Incredibly, this is the first time since I started writing about Every Feature, in 2013, that I've watched a full episode of MST3K. So now I'm having to figure out how this'll fit into the template. How's this look?

Anyway, this is one of the worst movies I have ever seen, even comparing it to other MST3K entries. The script was awful, the effects embarrassing, the acting incompetent. And yet you know just looking at it that at least some of the people working on it really believed in the movie. That makes me sad.

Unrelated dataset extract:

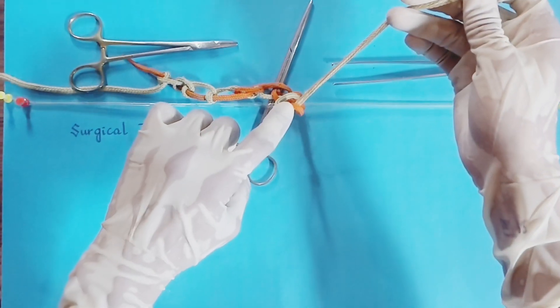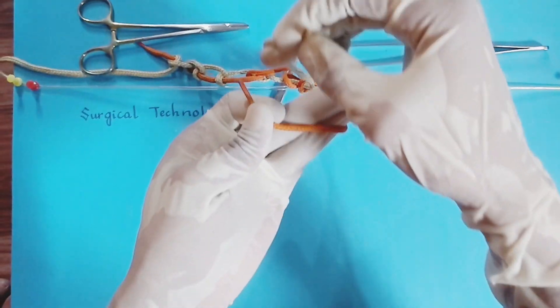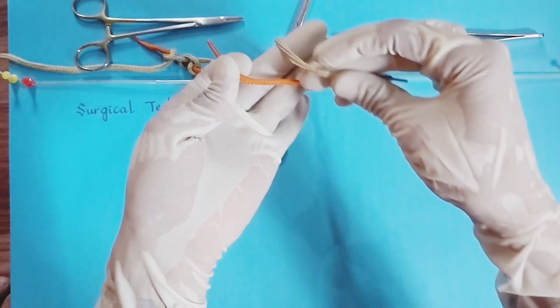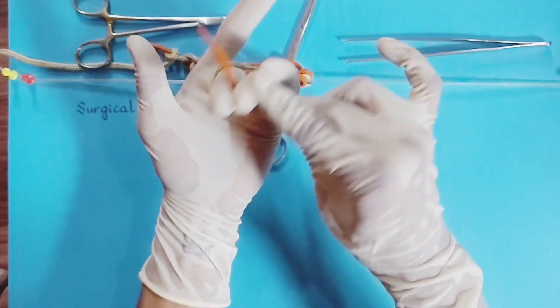Then push the knot from index finger of dominant hand. Now the surgeon's hand knot is applied. We will upload the latest hand knot technique soon. Do subscribe to our YouTube channel Surgical Technologist for the latest surgical techniques.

Some of the jokes made me laugh and some of them made me google proving what I always assumed---they're aimed at people ten years older than me. (I wonder if that's still true?)


ELSEWHERE
wikipedia
Ella Cinders (1926)

I first heard of Ella Cinders yesterday and this took me to Wikipedia which eventually led me to this film. Tada! I might not have watched it even though Colleen Moore looks beautiful and I'm intrigued by Cinderella variations and the poster on Wikipedia is a wonder except that it has been selected for preservation by the National Film Registry which was commendation enough to push me over.

The film kept going after I thought it was finished and turned into a backstage Hollywood picture before returning to the traditional Cinderella plotline. I was bummed Ella gave up her career to marry her prince but otherwise I was surprised by the feminist slants the film took.

Also, if you're into this sort of thing, I'm pretty sure Disney borrowed this moment from Ella Cinders.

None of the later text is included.